When those micro-crystals are left on the battery plates, they harden into sulfatation…which is much more difficult to drive back into solution.
I’ll skip the part where I explain starting batteries have lots of plate area but don’t do deep cycles well. Might also pass on explaining that deep cycle batteries have lots of plate thickness, but not very many of them. Great for lots of ultimate energy, but sucky when comes to terminal voltage under load – which is what you want when you start an engine because of an electric motor measurement called “locked rotor current.” Yes, glad I’m skipping that part.

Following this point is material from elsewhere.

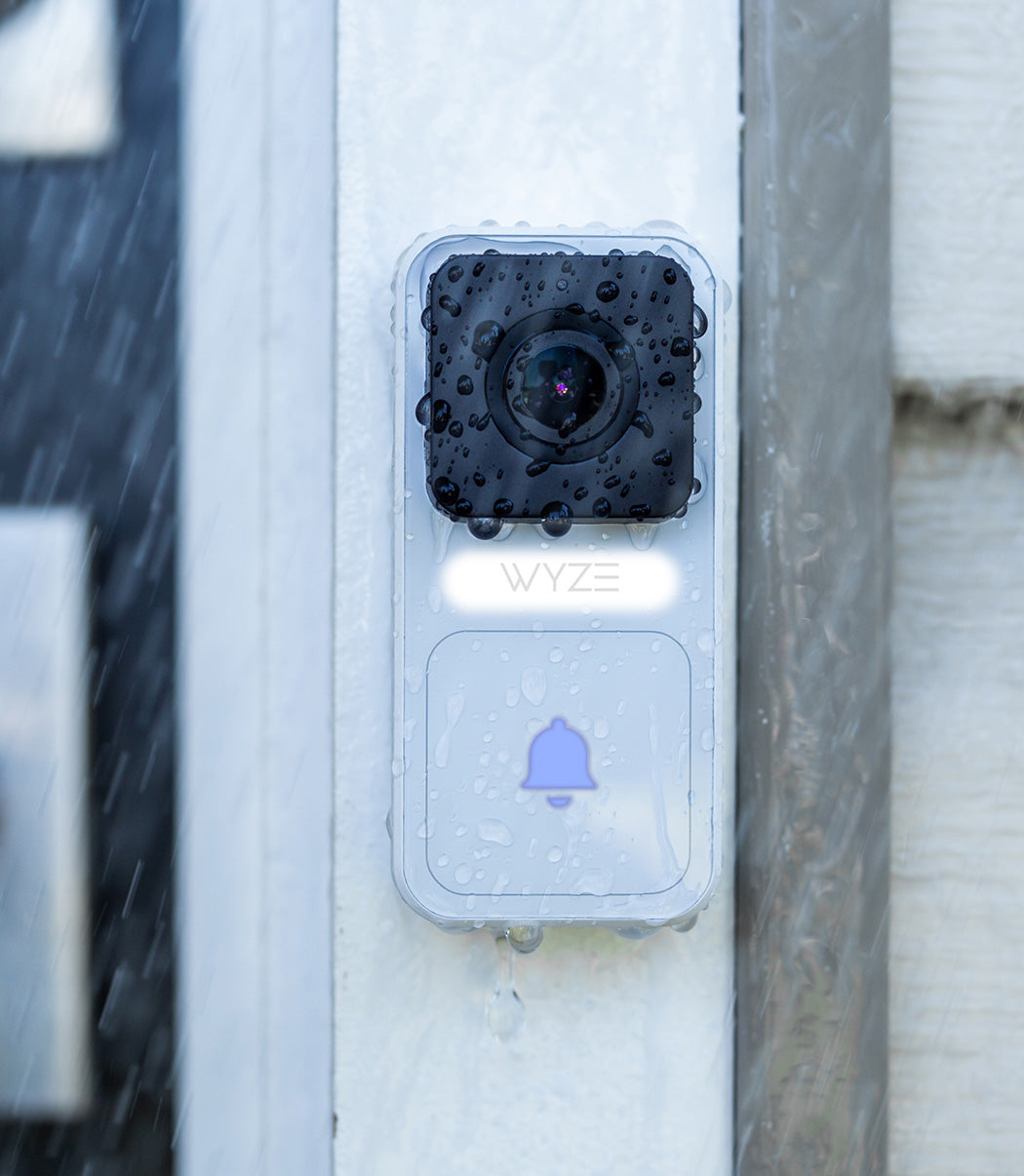 Doorbell wet in front porch. IP65 weather resistant.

Upon normal recharge, almost all of this soft crystalline material is driven back into solution (see your hydrometer readings). Over a number of discharges, however, say 100, there is some sulfur left on the plates and that’s why great battery companies (Trojan, Rolls-Surrette, and others) recommend equalizing because deposition of the sulfur is not uniform due to internal differences in plates and lead paste depth and so forth.
The caveat is that you don’t need to do this often. It is mainly related to the number of times the battery has a discharge of more than say 15-20%.. That’s why here at the ranch on my solar system I rigorously equalize every year….or two. That’s because the number of deep cycles is low. Most of the time the system is handling power bumps and 5-minute outages.

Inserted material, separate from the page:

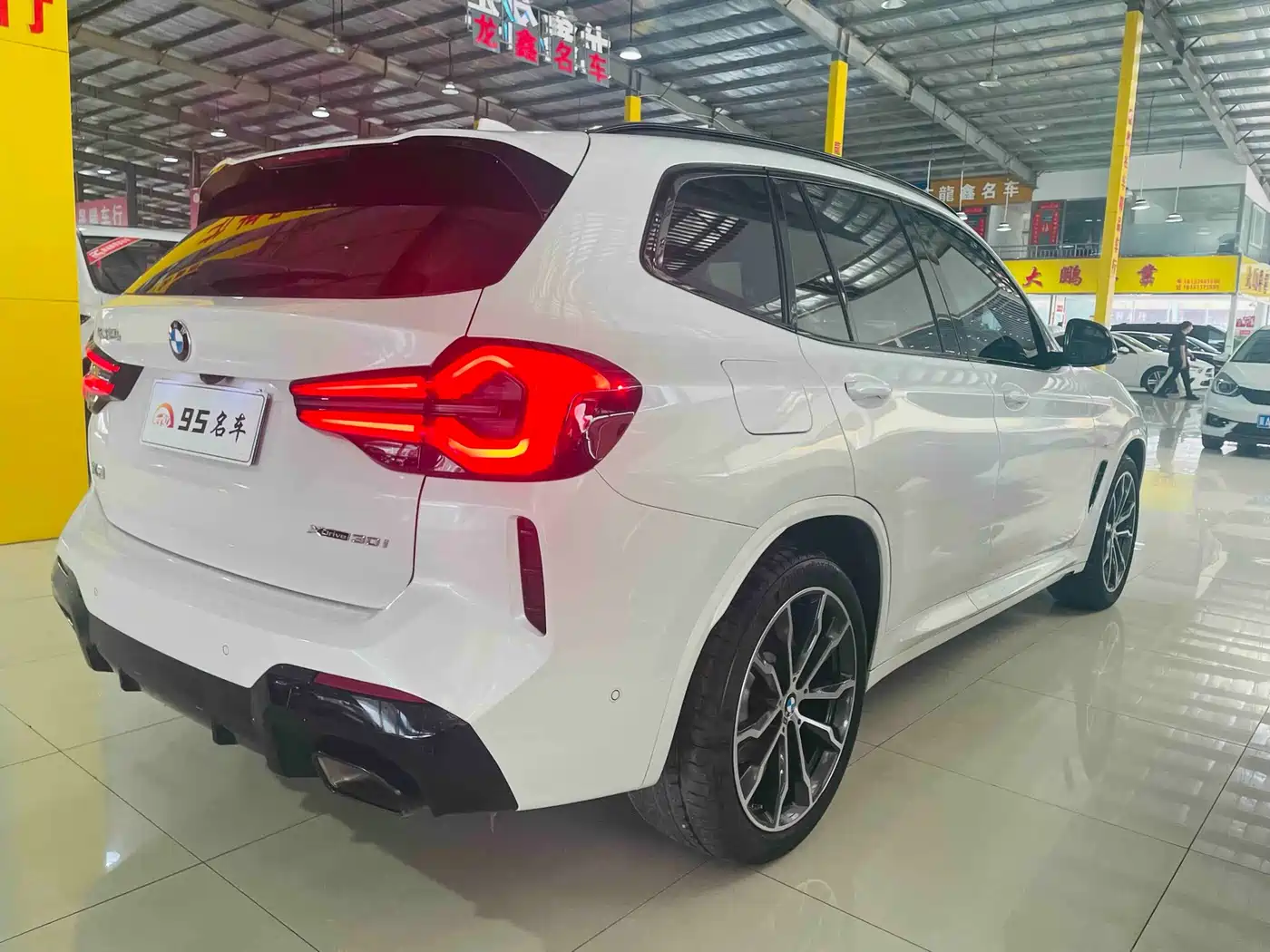 BMW X3 2023 xDrive30i Leading M Night Package фото 4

Skipping equalizing altogether, however, is a bad idea, in that over time, all batteries that are cycled lose capacity. If your batteries are simply sitting there, not cycling, then sure…float them at the right temp and call it good.
It’s a good idea to unplug 12-volt appliances, because typical equalizing is constant current charging which typically gets up to the 15.1-15.3 voltage, and may go higher depending on whose equalizing algo is built in to the charger.
RV’ers are big on calling chargers “converters”. Strictly speaking, if it has a big transformer in it, that thingy which converts AC to DC may be properly called a charger. If, on the other hand, in order to save manufacturing cost, if the big, heavy (ergo expensive) magnetics are left out, and the converter uses high-frequency switching, then it’s a converter. Both are designed primarily to step-down 110VAC (or 220VAC) to 12 or 24 volt DC for charging.
And inverter is something that converts the DC back into useful AC to run appliances.
And the inverter/charger uses big magnetics associated with the (usually modified sine wave type inverter) to act as the charger. A pure since-wave (high frequency magnetics) may be properly called an converter/inverter while a system designed to charge from an RV running battery (engine and lights) and shovel some energy into the house bank while motoring down the highway is called (variously) a DC-DC converter, a buck/boost charger, or a DC converter.
That’s depending on who did the manufacturing and marketing, and how many drinks you’ve had around the campfire. Or how much time you have to waste nitting me to death because what are those things in ham radio that we use to power our ham gear? (Correct answer: Power supplies because they are not designed to manage a battery. They are designed to provide similar voltage and current to what a battery delivers. But because they don’t have extreme high current and because they don’t do Acceptance Charging (14-14.3 depending on battery at 70F) they are not a proper “charger.”
In anything electronic, a great deal of precision of thought is necessary because there are exceptions to any “rule” in this stuff. If you want an hours-long discussion of battery performance, take an issue like “self-discharge” characteristics and a discussion of how to calculate when to equalize batteries that have been ignored for a long time. Now that gets to be an interesting algorithm to work on.
And then, to make things really interesting, let’s make the battery under discussion an ultra-high energy density silver-zinc and put it in a high temperature setting….
No, on second though, let’s not. Let’s just get more coffee… It occurs to me that only one third, or less, of this morning’s column means anything to people who rent apartments and aren’t dreaming of owning their own home some day.
Damn shame that’s how the game is rigged. Unless you own rental homes, in which case…..
But then on the other hand, we have the other glove.